Exército colombiano diz ter matado 22 rebeldes das Farc

O presidente colombiano, Juan Manuel Santos (AP/Arquivo)
Image caption Santos voltou a reiterar estratégia de ofensiva contra a guerrilha

As autoridades colombianas anunciaram neste domingo que pelo menos 22 guerrilheiros das Farc (Forças Armadas Revolucionárias da Colômbia) foram mortos durante um bombardeio do Exército a um acampamento do grupo no Departamento (Estado) de Putumayo, perto da fronteira com o Equador.

"Demos um golpe muito forte na frente 48 das Farc e até o momento 22 foram mortos", afirmou o ministro da Defesa da Colômbia, Rodrigo Rivera, ao informar o presidente colombiano, Juan Manuel Santos, sobre os resultados da operação militar.

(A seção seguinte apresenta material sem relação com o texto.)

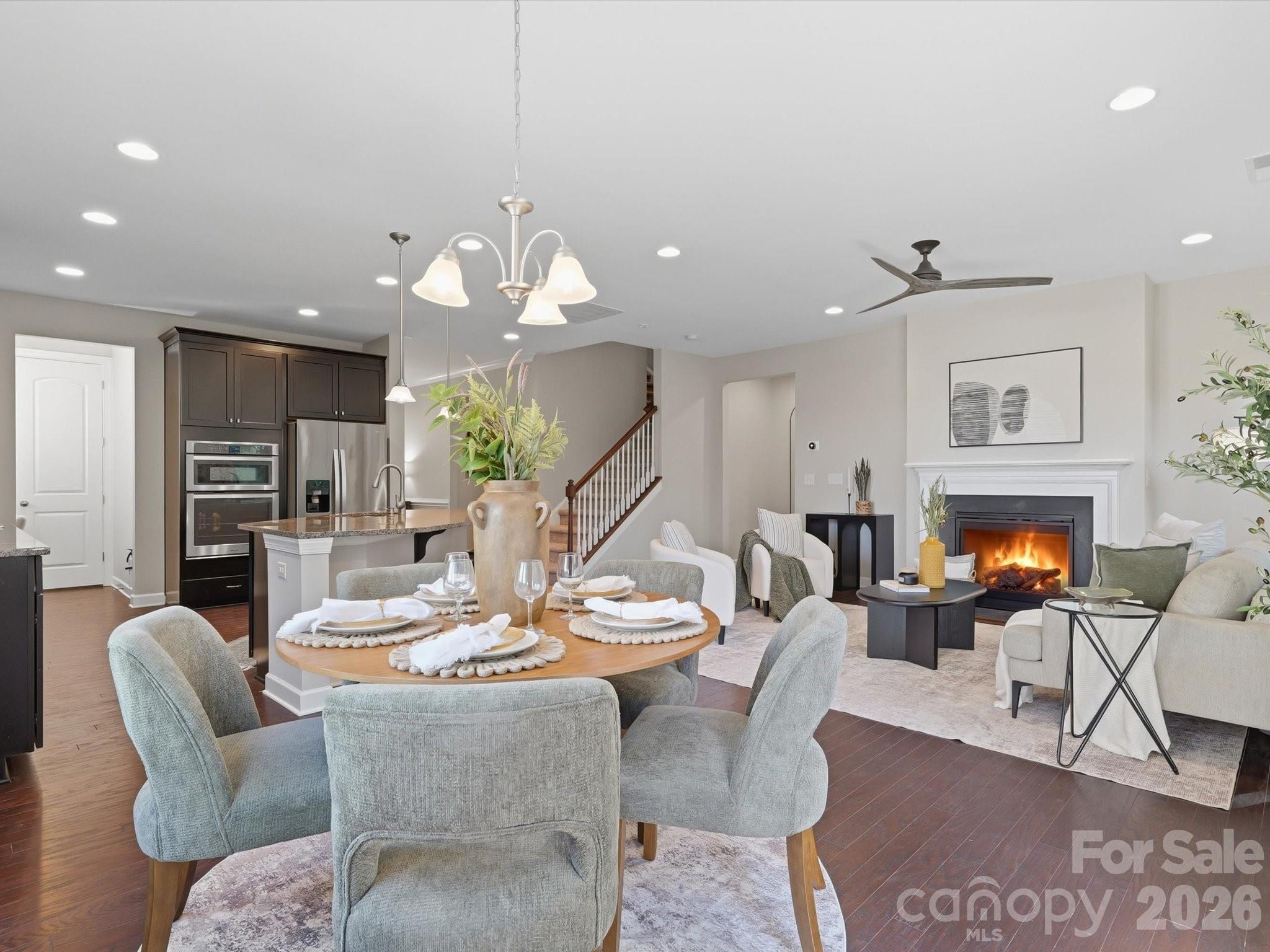 Lake Crest - Residential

Rivera disse que a ofensiva contra a guerrilha "ainda continua" e que está sendo realizada em todo o país. O ataque ocorreu na mesma zona onde há duas semanas oito policiais foram mortos em confrontos com guerrilheiros

As autoridades colombianas agradeceram a "cooperação" do governo do Equador na proteção da fronteira equatoriana, o que teria impedido que os rebeldes escapassem para o país vizinho.

Segundo Rivera, o Equador ofereceu "toda a colaboração" para proteger a fronteira e para que o "objetivo fosse alcançado".

Equador

O ministro da Defesa do Equador, Miguel Carvajal, no entanto, negou que seu país tenha colaborado com a operação colombiana.

"Nós não participamos de nenhuma operação. Nós mantemos nossa presença em nosso território e não temos atividades combinadas (com a Colômbia)", afirmou Carvajal, em Quito.

As relações entre os dois países estão estremecidas desde um ataque da Colômbia a um acampamento guerrilheiro em território equatoriano em 2008, quando foi morto Raúl Reyes, considerado o número dois na escala de comando das Farc.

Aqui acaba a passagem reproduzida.